(EXERCISE): In the listing below, print exactly the lines between the line holding "iPhone 12/12 Pro" and the line holding "Google官方Fonts兼容性说明，全面指南与常见问题解答", inclusive, and no more.
RECORDS FOR PROCESSING Start Marker
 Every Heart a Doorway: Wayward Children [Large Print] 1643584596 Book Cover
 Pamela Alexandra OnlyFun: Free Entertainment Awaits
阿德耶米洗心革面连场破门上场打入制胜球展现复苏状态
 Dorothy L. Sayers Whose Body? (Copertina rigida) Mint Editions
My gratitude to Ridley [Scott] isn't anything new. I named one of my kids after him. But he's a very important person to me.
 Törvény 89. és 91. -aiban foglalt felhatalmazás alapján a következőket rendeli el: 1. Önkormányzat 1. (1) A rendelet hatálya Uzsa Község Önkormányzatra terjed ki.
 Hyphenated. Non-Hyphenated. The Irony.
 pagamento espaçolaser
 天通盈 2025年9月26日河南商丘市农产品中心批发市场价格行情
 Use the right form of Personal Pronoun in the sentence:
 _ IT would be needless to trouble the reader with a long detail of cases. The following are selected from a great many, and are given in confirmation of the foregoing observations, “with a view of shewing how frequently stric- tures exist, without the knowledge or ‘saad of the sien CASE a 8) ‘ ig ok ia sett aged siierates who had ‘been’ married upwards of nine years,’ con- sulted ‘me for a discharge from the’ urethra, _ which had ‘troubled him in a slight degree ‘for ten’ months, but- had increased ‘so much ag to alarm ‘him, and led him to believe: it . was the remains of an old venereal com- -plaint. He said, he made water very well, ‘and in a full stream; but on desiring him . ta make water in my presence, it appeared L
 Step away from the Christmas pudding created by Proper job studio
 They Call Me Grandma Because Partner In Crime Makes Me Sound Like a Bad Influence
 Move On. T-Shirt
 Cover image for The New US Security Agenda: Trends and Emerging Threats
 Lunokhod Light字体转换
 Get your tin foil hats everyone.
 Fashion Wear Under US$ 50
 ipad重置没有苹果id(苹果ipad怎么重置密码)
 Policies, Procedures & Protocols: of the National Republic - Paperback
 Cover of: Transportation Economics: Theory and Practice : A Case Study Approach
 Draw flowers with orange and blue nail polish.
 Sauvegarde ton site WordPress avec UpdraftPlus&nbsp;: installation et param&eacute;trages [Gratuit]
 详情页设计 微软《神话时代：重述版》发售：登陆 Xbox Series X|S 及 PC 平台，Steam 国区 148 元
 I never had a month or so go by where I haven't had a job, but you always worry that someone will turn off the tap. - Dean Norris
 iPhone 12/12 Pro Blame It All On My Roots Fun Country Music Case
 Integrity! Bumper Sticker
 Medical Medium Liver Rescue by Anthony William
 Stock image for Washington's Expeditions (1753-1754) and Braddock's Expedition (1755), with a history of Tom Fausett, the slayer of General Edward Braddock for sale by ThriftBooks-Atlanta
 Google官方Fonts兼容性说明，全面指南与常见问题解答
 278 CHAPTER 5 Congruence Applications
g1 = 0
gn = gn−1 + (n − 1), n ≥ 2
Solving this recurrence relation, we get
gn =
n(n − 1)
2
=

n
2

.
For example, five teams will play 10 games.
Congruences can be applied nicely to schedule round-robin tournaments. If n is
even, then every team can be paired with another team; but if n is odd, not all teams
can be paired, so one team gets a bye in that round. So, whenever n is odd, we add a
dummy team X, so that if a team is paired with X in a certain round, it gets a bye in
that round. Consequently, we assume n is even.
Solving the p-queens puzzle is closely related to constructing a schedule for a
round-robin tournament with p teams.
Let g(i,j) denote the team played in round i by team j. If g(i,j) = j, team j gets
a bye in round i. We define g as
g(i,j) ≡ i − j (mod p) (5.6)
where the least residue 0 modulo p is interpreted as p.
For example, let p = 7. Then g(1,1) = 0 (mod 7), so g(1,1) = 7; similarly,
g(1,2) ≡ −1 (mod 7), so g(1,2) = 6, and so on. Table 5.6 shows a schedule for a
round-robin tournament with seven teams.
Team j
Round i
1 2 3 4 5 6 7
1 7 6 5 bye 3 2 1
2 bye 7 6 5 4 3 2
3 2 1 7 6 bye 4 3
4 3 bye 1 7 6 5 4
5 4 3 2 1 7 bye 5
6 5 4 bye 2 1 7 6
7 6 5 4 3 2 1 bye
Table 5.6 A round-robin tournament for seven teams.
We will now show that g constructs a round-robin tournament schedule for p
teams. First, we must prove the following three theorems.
RECORDS FOR PROCESSING End Marker
(ANSWER TO THIS PROBLEM):
 iPhone 12/12 Pro Blame It All On My Roots Fun Country Music Case
 Integrity! Bumper Sticker
 Medical Medium Liver Rescue by Anthony William
 Stock image for Washington's Expeditions (1753-1754) and Braddock's Expedition (1755), with a history of Tom Fausett, the slayer of General Edward Braddock for sale by ThriftBooks-Atlanta
 Google官方Fonts兼容性说明，全面指南与常见问题解答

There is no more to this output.